Episode 119: Shakespeare’s Richard II. John of Gaunt’s Famous Deathbed Speech. Richard’s Determination to Take Gaunt’s Estates After His Death, Which Rightly Belong to Gaunt’s Son Bolingbroke.
John of Gaunt is inspired on his deathbed with a famous speech about the glorious land of England—now fallen on hard times due to the corrupt Richard II. Richard comes in, and Gaunt tells Richard what a fool he is being, angering Richard. Gaunt dies offstage, and Richard immediately moves to take his estates, which should go to Gaunt’s son Bolingbroke, in order to fund wars in Ireland. This not only gives Bolingbroke yet more reason for rebellion but creates sympathy for his cause. Richard puts old, feeble York, the last of the fabled 7 sons, in charge of England while he is in Ireland.

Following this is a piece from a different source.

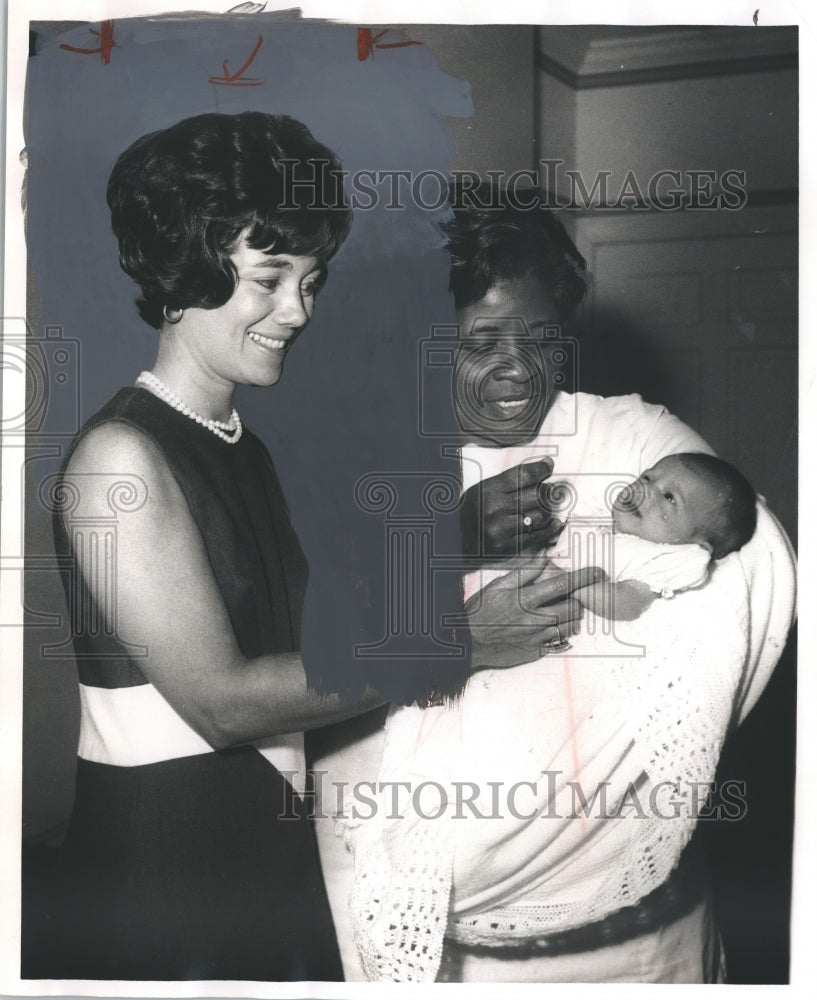 1969, Mrs. John Cox, Scribblers with Woman and Child - abno02413 - Historic Images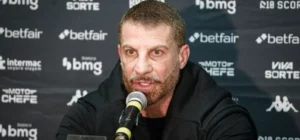 Pedrinho ironiza presidente do Flamengo: 'Tem paixão pelo Vasco'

Episode 118: Shakespeare’s Richard II, Act 1, Scenes 1-3. Bolingbroke Accuses Mowbray of the Murder of Thomas of Woodstock, Duke of Gloucester, a Member of the Royal Line. A Trial by Combat, Aborted.
In a ritualized, formal scene, Bolingbroke opens the play by accusing Thomas Mowbray of having murdered Thomas of Woodstock, Duke of Gloucester. Mowbray denies it, and a date for a trial by combat is set. Mowbray hints what is widely believed, that he was acting on the orders of Richard II himself. Gloucester’s widow seeks justice from John of Gaunt, but Gaunt says nothing can be done because the king, who is clearly guilty, is nonetheless “God’s anointed.”
Episode 117: The Genre of the History Play. Shakespeare’s Double Tetralogy of History Plays. Introduction to Richard II.
The place of the history play among the four genres that Shakespeare wrote in. Its origins as a native form of drama, unlike tragedy and comedy, derived from Classical literature. The historical background of the plot of Richard II, the first of Shakespeare’s double tetralogy dramatizing English history for well over a century before his time.
Episode 116: Shakespeare’s Much Ado about Nothing, Act 5. The Symbolic Death and Rebirth of Hero, and the Happy Ending.
After the crisis of Act 4, with two sets of lovers estranged and good friends quarreling, a happy ending brought about by Hero’s symbolic death and rebirth. A ritual at her supposed tomb is followed by a wedding of Claudio to a masked woman, who turns out to be Hero. Much Ado is a play about the instability of the human condition, the revolution of opposites: merry and melancholy, love and hate, friendship and enmity, youth and age. peace and war. The hope is that such instability can be good as well: it means we can change, that we can undergo “conversion.”
Episode 115: Much Ado about Nothing, Act 4. Hero Publicly Accused of Sexual Betrayal at Her Own Wedding Ceremony. All Hell Breaks Loose.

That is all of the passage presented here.